[What needs to be done]
Although the entries contain pictures, your copy should hold only their exact text.
☆ ☆ ☆
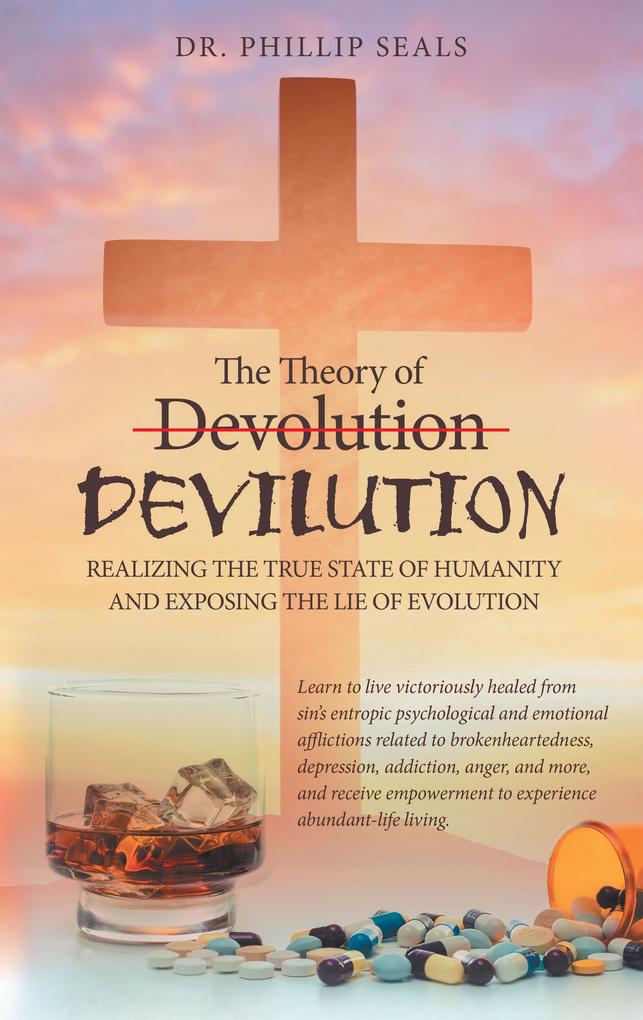 The Theory of Devolution Devilution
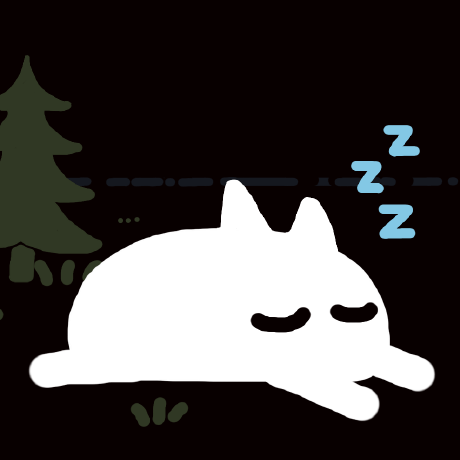 Releases Uhwot Lbp Archive Dl Github - Best Landscape Photos in Desktop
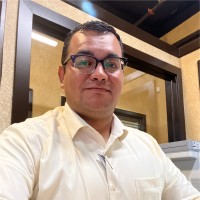 manuel velasquez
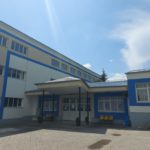 Именуван нов директор на СОУ „Орде Чопела“ – Прилеп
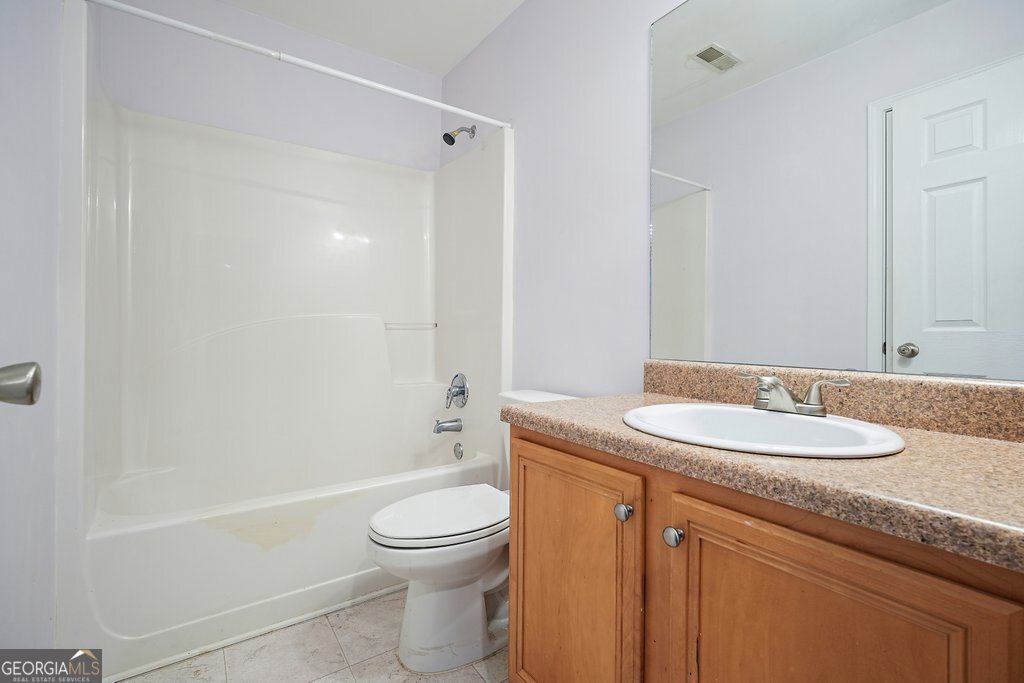 4719 Liberty Square Drive Property Photo 20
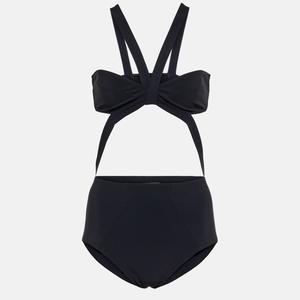 product - recommended by Ilenia Toma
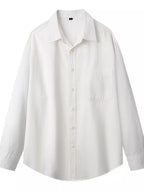 d8d7a256a8f5458fa9f48c3465fa447c-Max-Origin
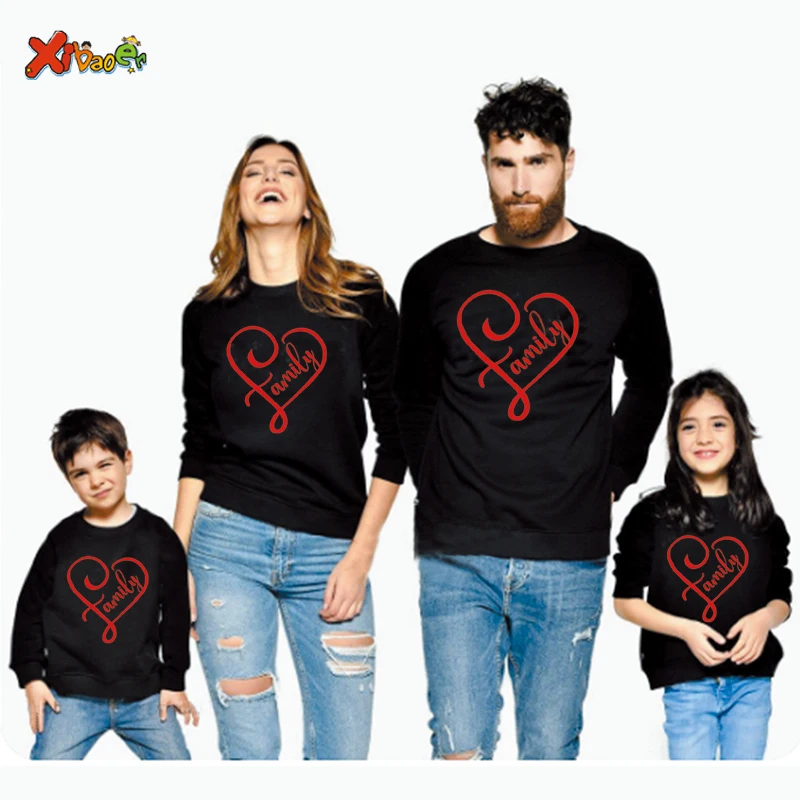 Girl Birthday Family Matching  - Summer Loving Kids Clothing ulasan dan harga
☆ ☆ ☆
[Answer box]
 The Theory of Devolution Devilution
 Releases Uhwot Lbp Archive Dl Github - Best Landscape Photos in Desktop
 manuel velasquez
 Именуван нов директор на СОУ „Орде Чопела“ – Прилеп
 4719 Liberty Square Drive Property Photo 20
 product - recommended by Ilenia Toma
 d8d7a256a8f5458fa9f48c3465fa447c-Max-Origin
 Girl Birthday Family Matching  - Summer Loving Kids Clothing ulasan dan harga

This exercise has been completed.